Question

Estimate the proportion of boron impurity which will increase the conductivity of a pure silicon sample by a factor of $100$. Assume that each boron atom creates a hole, and the concentration of holes in pure silicon at the same temperature is $7\times {10}^{15}$ holes per cubic meter. Density of silicon is $5\times {10}^{28}$ atoms per cubic meter.

• A. $1.8\times {10}^5$
• B. $3.571\times {10}^{10}$
• C. $2.580\times {10}^{10}$
• D. $4.576\times {10}^{10}$

Answer 1

The correct option is B $3.571\times {10}^{10}$

In a pure silicon, $n_e=n_h$,

$\therefore$ Total number of charge carries initially
$=2\times 7\times {10}^{15}=14\times {10}^{15}{\text{m}}^{-3}$

As the conductivity should be increased by a factor of $100$,

Final total number of charge carries
$=14\times {10}^{15}\times 100=14\times {10}^{17}{\text{m}}^{-3}$

Let $x$ be the hole concentration after doping, which is also equal to boron concentration.

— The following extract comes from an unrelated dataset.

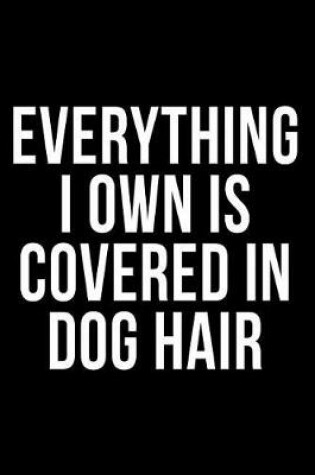 Cover of Everything I Own Is Covered in Dog Hair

As the product of the concentrations of holes and conduction electrons remains almost the same.

So, $(7\times {10}^{15})\times (7\times {10}^{15})=x\times (14\times {10}^{17}-x)$

$\Rightarrow 14x\times {10}^{17}-x^2=49\times {10}^{30}$

$\Rightarrow x^2-14x\times {10}^{17}+49\times {10}^{30}=0$

$\Rightarrow x=\frac{14\times {10}^{17}\pm \sqrt{{14}^2\times {10}^{34}-4\times 49\times {10}^{30}}}{2}$

$\Rightarrow x\approx 14\times {10}^{17}{\text{m}}^{-3}$

Thus, the proportion of boron impurity added is given by,

$\frac{5\times {10}^{28}}{14\times {10}^{17}}=3.571\times {10}^{10}$

Therefore, $1$ boron atom is added for every $3.571\times {10}^{10}$ atoms of silicon.

Hence, option $\left(B\right)$ is correct.